Therefore, by calculating the internal resistance of the sensor element more accurately, the temperature of the sensor element can be calculated more accurately, and therefore the thermal management of the sensor element can be performed more accurately.

A further advantage is that the first and second current pulses can be kept short because only two measurements need to be taken during the presumed linear voltage process. Therefore, the probe can be reused faster to measure the oxygen concentration of the exhaust gas.

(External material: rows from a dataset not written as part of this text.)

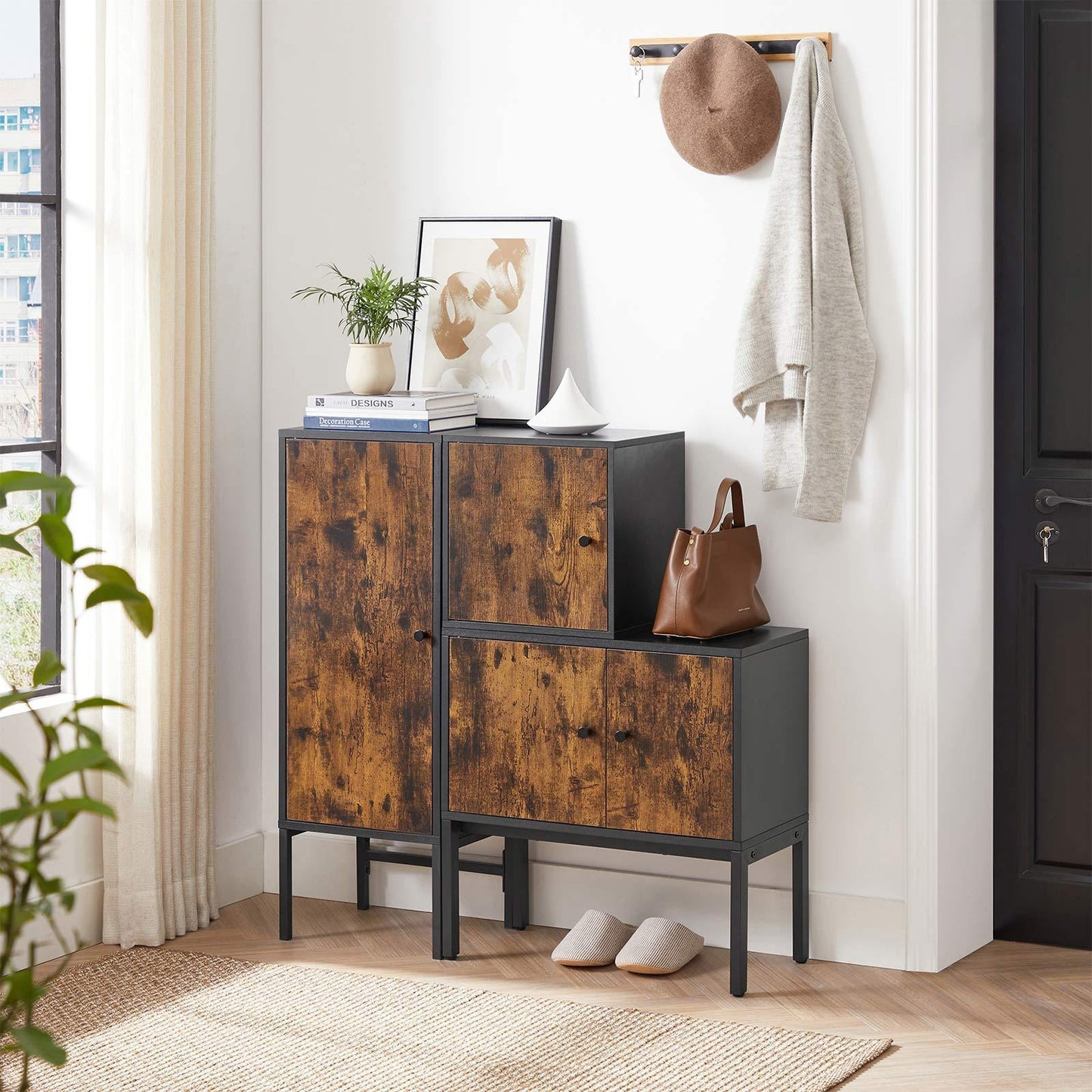 Buffet Cabinet Rustic Brown and Black FredCo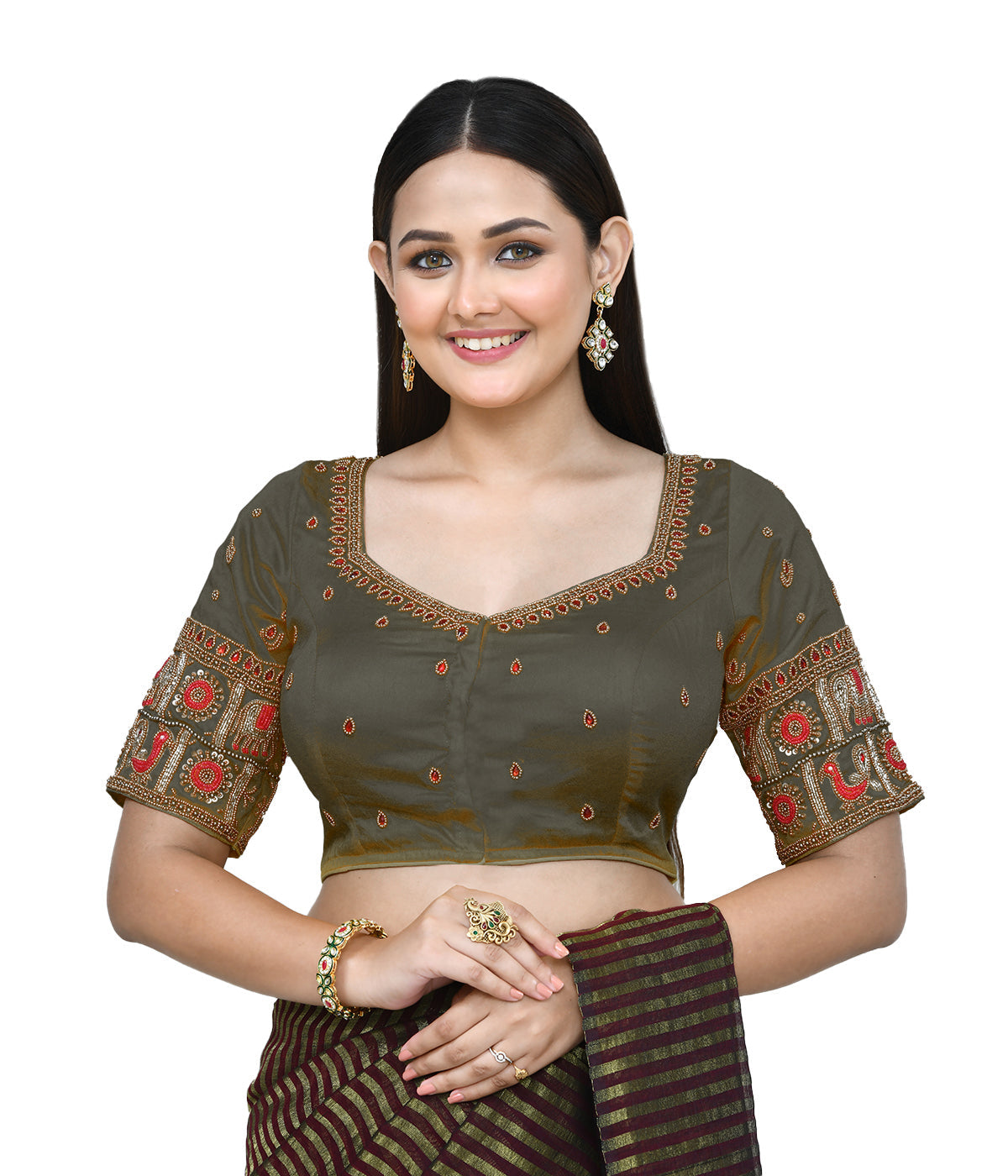 Joban Fashion Women's Green Embroidered Stitched Blouse - Distacart
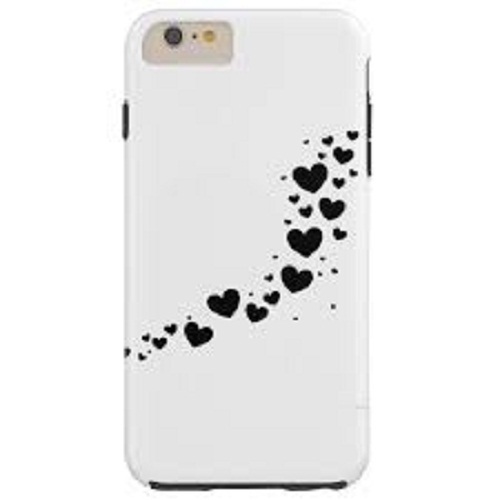 Stylish Scratch Free Lightweight Black And White Heart Printed Mobile Back Cover - Plastic, 1.65-1.80 Inch Size, White & Black Color | Perfect Fit, Modern Design, Durable Protection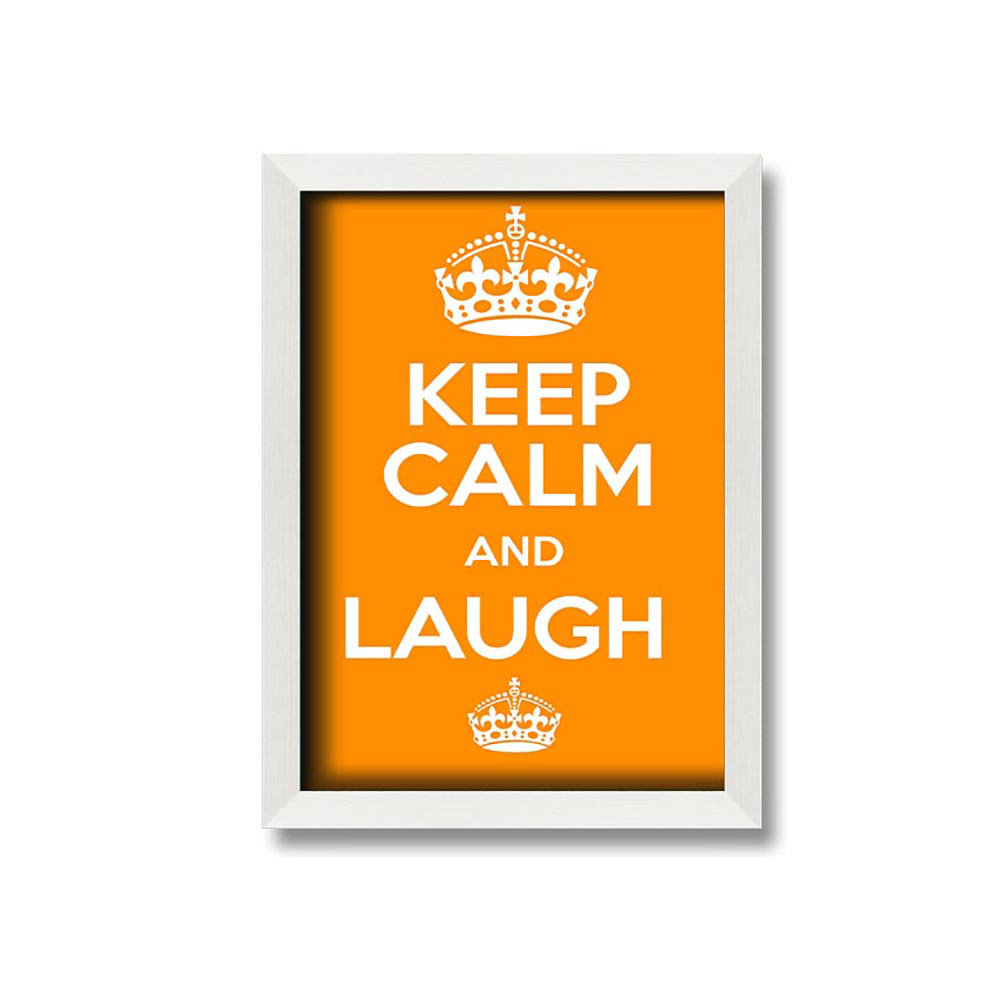 Wanatah Keep Calm Laugh Orange Gerahmter Druck Wandkunst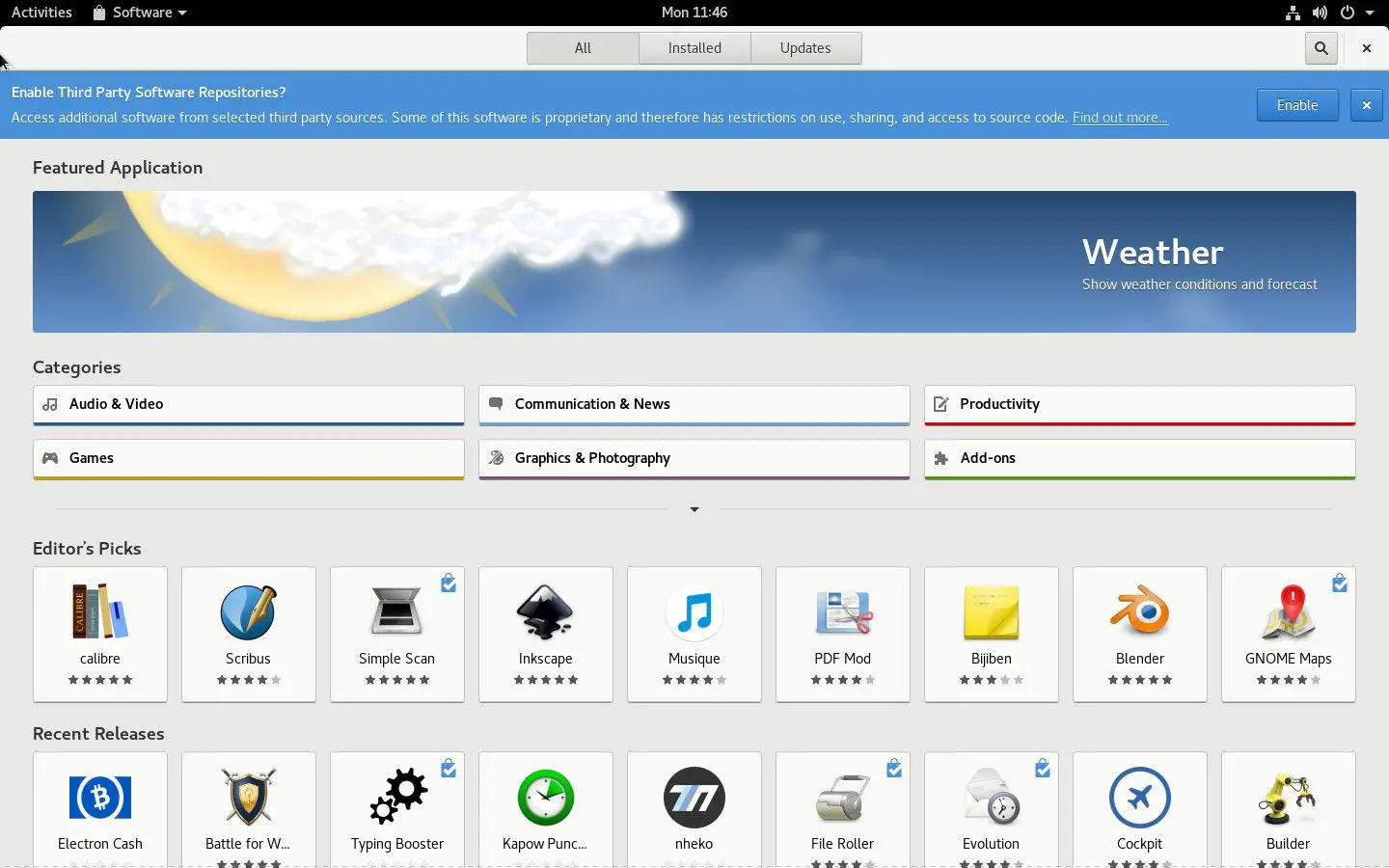 Uma imagem do GNOME Software Center no Fedora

In the second modification, a method for calculating the internal resistance of the sensor element for detecting the gas component from the gas mixture in the measurement gas space is proposed, the sensor element has at least one cell, and the cell has at least one cell. Includes at least one first electrode, at least one second electrode, and a solid electrolyte for connection, making it possible to measure the voltage between the first and second electrodes. The method is
-The step of calculating the reference voltage between the first electrode and the second electrode,
-At the first time, in the step of applying the first current pulse having the first current by the pulse generation unit, the first current pulse causes the charge shift in the sensor element, and the charge shift of the charge shift. The step in which the occurrence causes an increase in voltage between the first electrode and the second electrode,
-A step of calculating at least one voltage value between the first electrode and the second electrode at one time after the first time and after the lapse of the first transition time.
-In the step of ending the first current pulse and applying the second current pulse in the opposite direction having the second current at the second time, the second current pulse in the opposite direction is the first. And the steps that cause a negative and charge shift between the electrode and the second electrode,
-A step of calculating at least two voltage values between the first electrode and the second electrode at two different times after the second time and after the lapse of the second predetermined transition time.
-At the third time, the step of ending the second current pulse,
-A step to calculate the second gradient of a straight line passing through at least two voltage values at two different times,
-A step of calculating the voltage value at the first time based on the first current and the second current and the calculated second gradient.
-Contains a step of calculating the internal resistance of the sensor element based on the calculated voltage value, the reference voltage, and the first current of the first current pulse.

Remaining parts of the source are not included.